Am 20.06.2019 um 17:33 schrieb George Hart via INDOLOGY:
> In light of the fact that Dravidian languages have both short and long 
> e and o, it would be helpful to many scholars who use texts in Tamil, 
> Malayalam, Telugu and Kannada if Sanskrit e and o were marked with a 
> macron (ē, ō) in standard transliteration. The lack of such indication 
> causes all sorts of problems when quoting from those languages, 
> especially since they all often use Sanskrit words intermixed with 
> native ones. George Hart
>> On Jun 20, 2019, at 9:24 AM, Arlo Griffiths via INDOLOGY 
>> <indology at list.indology.info <mailto:indology at list.indology.info>> wrote:
>> Dear colleagues,
>> It is possible to obtain some responses to the questions that Dániel 
>> asked on our joint behalf? It would be greatly appreciated.
>> Many thanks, and best wishes,
>> Arlo Griffiths
>> ------------------------------------------------------------------------
>> *From:*INDOLOGY <indology-bounces at list.indology.info 
>> <mailto:indology-bounces at list.indology.info>> on behalf of Dániel 
>> Balogh via INDOLOGY <indology at list.indology.info 
>> <mailto:indology at list.indology.info>>
>> *Sent:*Monday, June 10, 2019 10:52 AM
>> *To:*indology
>> *Subject:*[INDOLOGY] ISO15919 and case insensitivity
>> Dear All,
>> I believe some members of the esteemed community reading this were 
>> involved in drawing up the ISO15919 transliteration standard. I would 
>> be very happy to correspond with someone, here or off-list, about 
>> some generic issues and at the moment one particular question.
>> The generic issues would pertain to using a modified ISO standard in 
>> web and hardcopy publications, including some modifications that 
>> prevent us from making a "claim of conformance" as per section 2 of 
>> the standard.

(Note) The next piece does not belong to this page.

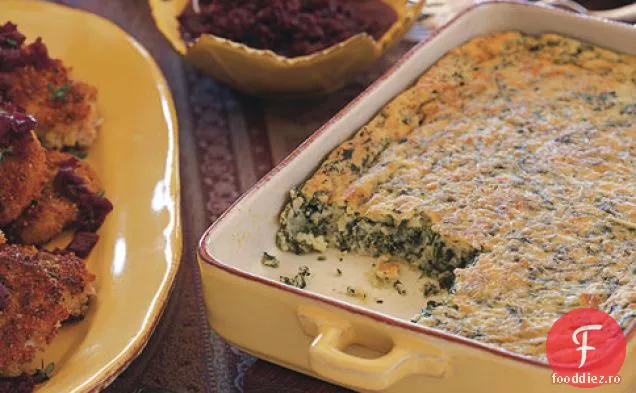 Gratin De Gris Și Spanac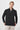 Morven Men's Black Zippered Bato Collar Sweat-Shirt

Beyond the practical issue of having to explain to our 
>> readers where we deviate from the standard, I see no problem 
>> associated with this, but I may be missing something. At any rate, a 
>> proliferation of idiosyncratic transliteration systems is not 
>> desirable, which leads to the second set of generic issues: by whom 
>> and how is the ISO standard maintained at present, and is there any 
>> chance of proposing slight modifications/addenda/special cases to it?

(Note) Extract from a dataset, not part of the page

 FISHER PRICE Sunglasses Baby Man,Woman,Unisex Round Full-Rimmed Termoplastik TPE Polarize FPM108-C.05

>> The particular question right now is this. The standard explicitly 
>> says that all transliterations must be case insensitive (Section 8.1 
>> Rule 1). Some of us, however, are thinking of using uppercase Roman 
>> characters to transliterate 1. final consonants represented in 
>> historic scripts by special "halanta" character forms (instead of the 
>> addition of a virāma sign), and 2. initial/full vowels.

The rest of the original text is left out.